If you connect an 8 Ohm speaker to the output of a radio whose output is 2 ohms, then the output power of the radio will drop by a factor of 4 and nothing bad will happen

Yes, it’s already clear, you can see everything from the photo. The question is how to pull up 8 ohms to the low-impedance output of the radio

It’s easy - if the output of the radio is 2 ohms, then you need to connect 4 8-ohm speakers in parallel, and if you want big hemorrhoids, then wind up a matching output transformer

Always your K.O. ))) I meant in the current circumstances.

1) - you need to know what the output power of your car radio is and how much ohm it has an output and dance from there 2) in your housing office for a bubble they will make you a couple of decent boxes 3) make the box beautiful - no problem 4) buy a couple of auto-coaxials 5) connect to radio and enjoy decent sound

There were original speakers. The sound is simply FAIRY TALE... “O_o”... so I got confused with these speakers, temporarily of course. PHOTO ADDED!

Yes confirm. The sound from these honest old paper cones, especially in the mid and upper bass, was good. (I drove a Nexia at one time and was pleasantly surprised by the quality of the rear).

There are 4 diodes on the board after the trans which has a middle output from the secondary - this means the power supply is 2-polar

Car speakers can be purchased for a small price, stuffed into a couple of wooden boxes, covered with material for speakers and it will be practically, , firmA, , And you don’t need to engage in electronic masturbation - 4 cotton wool will not suit you

The fact that 30 watts is written on the column is very doubtful, there are at most 4 watts there at a stretch. 8 ohm - you can trust. Therefore, at high volumes of your radio, the speakers begin to choke from overload. It’s easier not to bother with bullshit and buy powerful coaxial car speakers.

so RMS is written, it is clear that 3 watts are Soviet. Yes, no options. If there was another pair of the same speakers, the midbass could be paralleled in pairs.

It will most likely not be possible to connect through a native amplifier - it has bipolar power supply.

In such garbage dumps there was no bipolar power supply in life.

Why then do 3 wires come out of the transformer?

From the trans to the secondary there are 2 identical windings connected in series and the middle terminal is grounded and the outer terminals go to diodes

Why the middle wire then at all, if everything is as you said? Bipolar power supply for the amplifier chip is necessary, as written below.

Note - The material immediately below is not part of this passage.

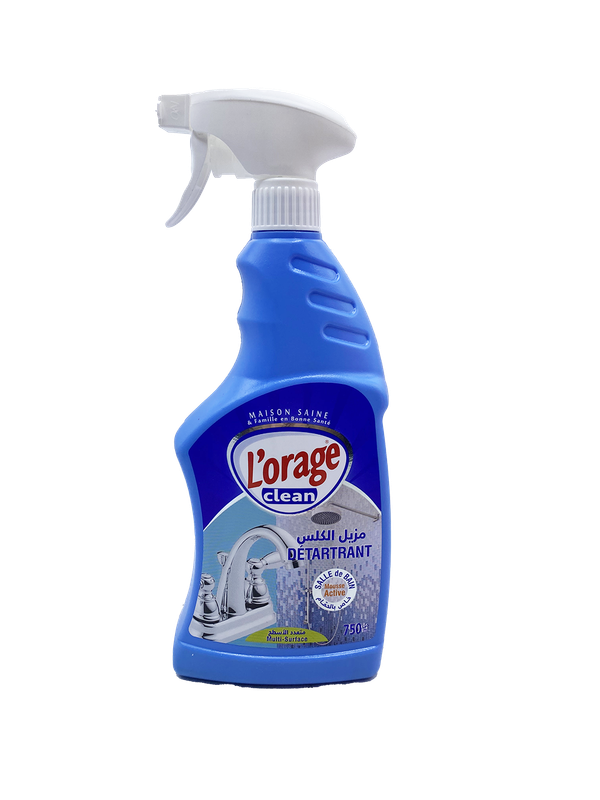 L ORAGE CLEAN DETARTRANT 750ML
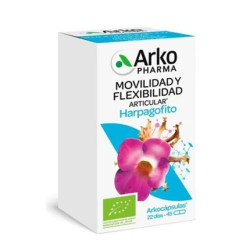 Arkopharma Harpagophytum Arkopharma 435mg 48 Capsules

Why then do 3 wires come out of the transformer?

bipolar +-18 volts costs TDA, and by the way, car radios also often cost TDA, but they diligently erase the inscriptions with them

Why then do 3 wires come out of the transformer?

Oh, there are three, then oh. I was wrong. I didn’t look at the photo, it’s not very convenient to view it from a phone))

In such garbage dumps there was no bipolar power supply in life.